Both Roy Craig and James Edward McDonald received their undergraduate degrees elsewhere (and McDonald served as a lieutenant in the navy during World War II) before completing their PhDs, within a year of each other, at Iowa State. They would likely not have crossed paths at ISU, however, as they studied with different departments. Craig, class of 1952, completed a PhD in Physical Chemistry (see his dissertation in the ISU Digital Repository here), while McDonald, class of 1951, completed his PhD in Physics (see his dissertation in the ISU Digital Repository here).
Our collections do not contain extensive documentation of either scientist’s time at Iowa State, but we do have a letter/memo providing notice of McDonald’s resignation, when he moved on to a more prestigious appointment at the University of Arizona in 1954, along with a typed draft of a research paper he wrote.
It is unclear exactly what career path Roy Craig took immediately following graduation. However, he was shortly thereafter recruited to the famous government Colorado Project, also known as “The Condon Committee”, by Edward Condon himself to serve as chief field investigator of UFO sightings and reports, which had already been pouring in from numerous sources for decades. The Colorado Project, founded in 1966, constituted the final stage of Project Blue Book , a study created by the United States Air Force in 1947 (perhaps not coincidentally the same year as the mysterious and much-mythologized “Roswell Incident” had occurred) and which had sought, not only to investigate the validity and/or cause of UFO sightings themselves, but to assess any potential national security threat posed by these incidents.
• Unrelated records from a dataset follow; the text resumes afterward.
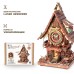Bouwpakket Koekoeksklok Mechanisch (USB) gekleurd- hout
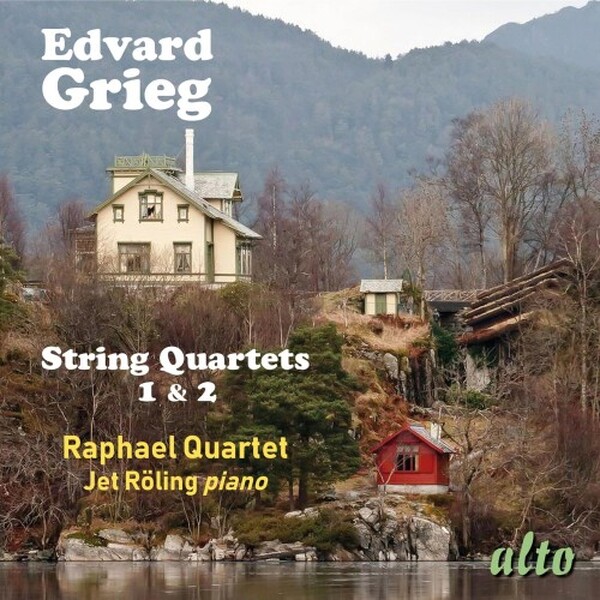 Grieg - String Quartets 1 & 2 | Alto ALC1712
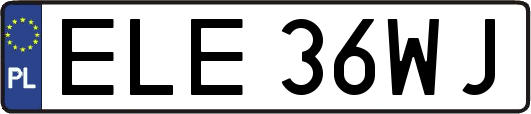 ELE36WJ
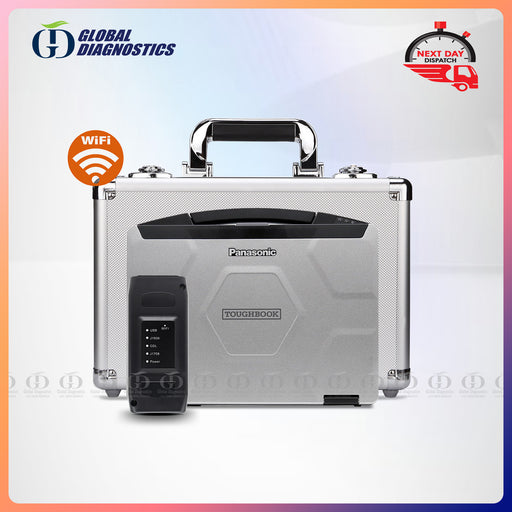 CAT ET Electronic Technician Dealer Diagnostics System (With Flightcase) 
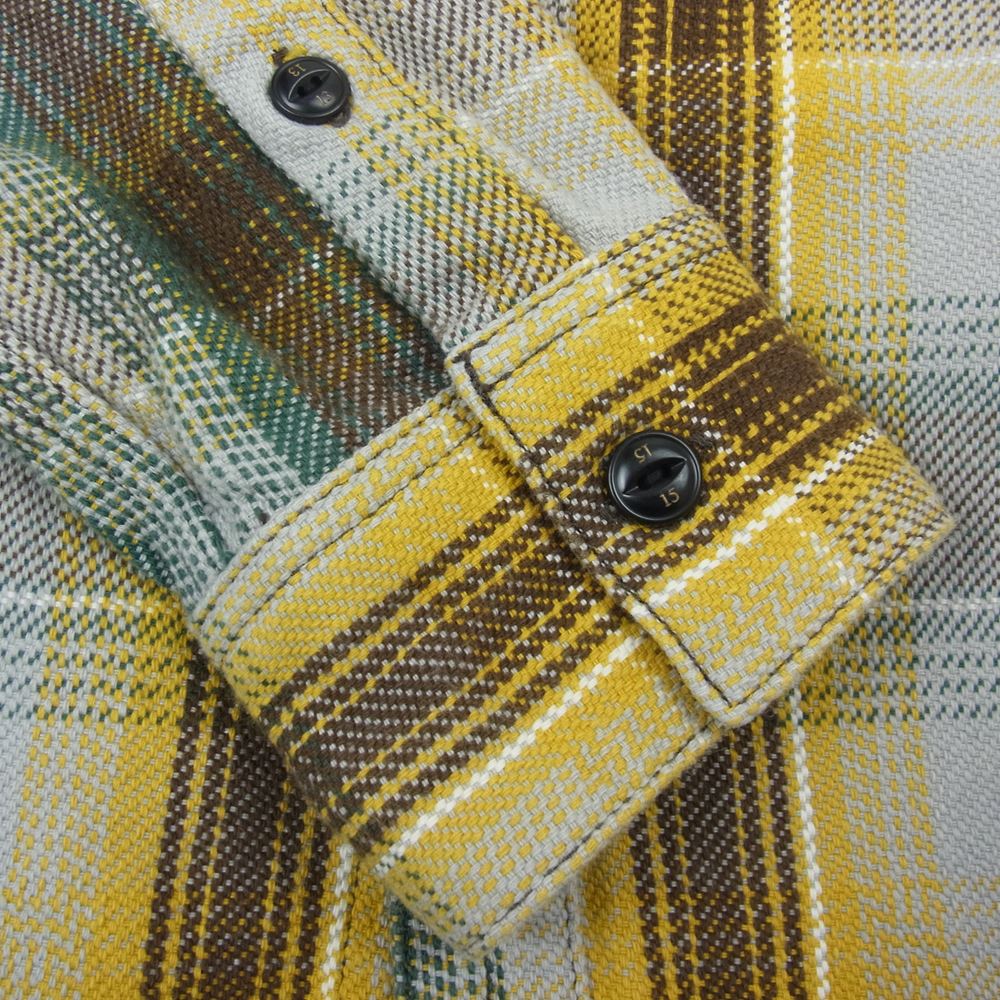 NEIGHBORHOOD ネイバーフッド 142ARNH-SHM01 CABELLA C-SHIRT LS チェック柄 ヘビーウェイト 長袖 シャツ マルチカラー系 L【中古】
Craig, while reportedly fascinated by the concept of UFOs and their potential to open the public imagination, maintained a firmly skeptical position on their extraterrestrial origins throughout his time with the project. Indeed, his influence at the helm of this committee may have been among the factors that closed the project so quickly. In 1969, he and his fellow investigators released the Condon Report, concluding that there was nothing to be gained from further study on this topic, which led the Air Force to close the project on December 17th of that same year.
ISU’s SCUA unfortunately does not hold any of Craig’s professional papers from his time spent researching UFOs, but Texas A&M University does, and the finding aid for this collection can be found here. Craig also authored a book about his experience working with The Colorado Project in 1995, entitled UFOs: An Insider’s View of the Official Quest for Evidence. It is still in print, and copies can be accessed through Parks Library General Collection TL79 .C86 1995 (see the catalog entry and online version access here).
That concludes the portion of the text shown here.